Miguel Covián Pérez
¿Un final feliz?

El incidente provocado por la desafortunada reconvención que una dependencia de la Secretaría de Gobernación dirigió a Norberto Rivera con motivo de la más reciente homilía del parlanchín arzobispo de esta metrópoli parece haber concluido con un final feliz. El oficio conminatorio ha sido rectificado en declaraciones informes del subsecretario Rodríguez Barrera, quien tácitamente reconoció el desacierto con que procedieron sus subordinados.

Es evidente que la reacción de la Dirección General de Asuntos Religiosos fue en este caso desmesurada, aunque posiblemente haya pesado en el ánimo de quienes tomaron la decisión, la inocultable vocación histriónica del prelado católico, quien no se distingue por su prudencia ni discreción, sino por la proclividad a autopromover su imagen en las pantallas de televisión.

Pero seamos justos. Lo que dijo ante sus feligreses el domingo 20 de octubre no ameritaba la reprimenda que le fue dirigida y que, según explicó el director del área gubernamental responsable, fue producto de un detenido análisis realizado por ``un grupo de abogados''. (La Jornada, 23-10-96, Pág. 3).

La homilía convertida inesperadamente en piedra de escándalo no hace sino reproducir una vieja tesis elaborada siglos atrás y sostenida, entre otros, por el pontífice León XIII, por Tomás de Aquino, por Suárez y por Mariana, para mencionar nombres ligados con el ámbito eclesiástico, y que recogida ulteriormente por doctrinarios laicos como Theodore de Béze, Languet y Hoffman, culmina con los desarrollos lúcidos de Locke en sus Tratados sobre el Gobierno Civil.

Por supuesto, estos nombres posiblemente no digan nada a los abogados jóvenes, pero quizás el de León Duguit alguna evocación pueda traerles a la memoria.

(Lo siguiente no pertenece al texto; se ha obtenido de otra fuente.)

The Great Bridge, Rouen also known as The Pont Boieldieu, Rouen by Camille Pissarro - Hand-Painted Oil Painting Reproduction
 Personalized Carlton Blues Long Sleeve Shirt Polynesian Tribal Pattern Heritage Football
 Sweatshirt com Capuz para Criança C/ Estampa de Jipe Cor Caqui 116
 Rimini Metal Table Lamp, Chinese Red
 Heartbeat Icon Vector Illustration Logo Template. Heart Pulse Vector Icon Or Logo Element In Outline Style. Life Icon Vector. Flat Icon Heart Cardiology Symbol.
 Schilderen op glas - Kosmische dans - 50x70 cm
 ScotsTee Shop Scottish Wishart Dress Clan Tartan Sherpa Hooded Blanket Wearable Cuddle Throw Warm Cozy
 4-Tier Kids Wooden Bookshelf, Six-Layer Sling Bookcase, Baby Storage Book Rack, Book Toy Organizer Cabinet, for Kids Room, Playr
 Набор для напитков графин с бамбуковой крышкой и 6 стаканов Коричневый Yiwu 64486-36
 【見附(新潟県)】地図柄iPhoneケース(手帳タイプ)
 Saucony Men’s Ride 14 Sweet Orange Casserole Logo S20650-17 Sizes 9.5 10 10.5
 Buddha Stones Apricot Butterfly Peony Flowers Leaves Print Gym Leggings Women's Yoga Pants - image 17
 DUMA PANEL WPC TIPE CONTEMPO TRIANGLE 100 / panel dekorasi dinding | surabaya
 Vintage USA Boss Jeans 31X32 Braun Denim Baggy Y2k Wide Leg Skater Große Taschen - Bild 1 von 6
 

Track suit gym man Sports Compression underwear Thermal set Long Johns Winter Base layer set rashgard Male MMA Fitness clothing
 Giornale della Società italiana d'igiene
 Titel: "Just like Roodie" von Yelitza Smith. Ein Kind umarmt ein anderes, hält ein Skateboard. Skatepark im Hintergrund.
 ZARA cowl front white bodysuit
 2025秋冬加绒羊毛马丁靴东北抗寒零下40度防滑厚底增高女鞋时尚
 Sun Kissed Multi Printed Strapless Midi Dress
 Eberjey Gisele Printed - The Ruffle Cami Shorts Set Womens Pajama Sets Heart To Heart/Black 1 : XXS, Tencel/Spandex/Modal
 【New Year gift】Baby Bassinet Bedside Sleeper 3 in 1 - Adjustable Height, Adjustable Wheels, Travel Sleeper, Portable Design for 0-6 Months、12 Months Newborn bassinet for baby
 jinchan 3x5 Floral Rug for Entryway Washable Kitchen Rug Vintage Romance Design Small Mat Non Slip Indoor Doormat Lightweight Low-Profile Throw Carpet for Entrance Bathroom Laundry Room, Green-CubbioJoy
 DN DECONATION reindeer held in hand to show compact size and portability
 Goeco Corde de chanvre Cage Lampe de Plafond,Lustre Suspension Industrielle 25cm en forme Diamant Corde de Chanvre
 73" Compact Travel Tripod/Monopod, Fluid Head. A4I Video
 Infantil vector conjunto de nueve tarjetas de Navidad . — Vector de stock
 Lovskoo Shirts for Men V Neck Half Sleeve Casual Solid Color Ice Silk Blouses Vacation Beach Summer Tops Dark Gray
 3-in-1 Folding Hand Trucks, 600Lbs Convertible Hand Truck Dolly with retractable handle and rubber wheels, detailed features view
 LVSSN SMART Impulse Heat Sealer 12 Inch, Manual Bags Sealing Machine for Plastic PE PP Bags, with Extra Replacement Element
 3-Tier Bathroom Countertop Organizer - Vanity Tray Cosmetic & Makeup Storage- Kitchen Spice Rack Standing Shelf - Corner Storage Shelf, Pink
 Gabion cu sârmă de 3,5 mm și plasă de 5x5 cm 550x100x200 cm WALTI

En su Tratado de Derecho Constitucional el maestro francés hace una clara exposición de los límites de la obediencia civil frente al gobierno.

Recuerda, en primer lugar, que la Declaración de los Derechos del Hombre de 1789, así como la de 1793, incluyen el de resistencia a la opresión; y clarifica este último concepto al señalar que ``la opresión no radica en la mayor o menor dureza de las medidas impuestas por una autoridad, sino en su gratuidad o arbitrariedad, es decir, en su incompatibilidad con el orden jurídico del Estado''.

``Hay opresión --dice Duguit-- cuando el Estado legislador hace una ley que, en virtud del Derecho, él no puede hacer. Hay opresión cuando el Estado legislador no hace las leyes que él está jurídicamente obligado a hacer... Hay opresión cuando un acto concreto, acto administrativo o jurisdiccional, se lleva a cabo en violación de las leyes, cualquiera que sea el órgano o el agente que lo realiza''.

A continuación distingue entre las formas o grados de la resistencia que legítimamente puede oponer el ciudadano: la pasiva, que es la desobediencia, el no acatamiento a los mandatos arbitrarios de la autoridad, y la defensiva, que consiste en actos positivos que repelen la acción injusta de los depositarios del poder. Tesis más radical que la tenue reminiscencia contenida en la homilía que puso los pelos de punta a los abogados de Bucareli. Rivera dijo solamente que cuando la autoridad ``se sale del marco legal desde donde debe y puede gobernar, no hay obligación de tributarle obediencia''; y que cuando sus actos se oponen a los derechos humanos fundamentales ``hay que negarle obediencia''. Apenas dos facetas de la resistencia pasiva definida y defendida por Duguit.

La respuesta de la dependencia gubernamental fue: ``nadie, bajo ningún argumento, se encuentra eximido del respeto y la obediencia al régimen de derecho''. Expresión que, entendemos, incluye a los agentes de la autoridad y que, por consiguiente, no invalida las aseveraciones que la motivaron.

En resumen, tormenta en un vaso de agua que se hubiera evitado si no estuviera en desuso la lectura de los viejos tratados de teoría y filosofía jurídicas que dieron fundamentación doctrinaria al Estado de Derecho, al que suele invocarse con tanta frecuencia como ligereza.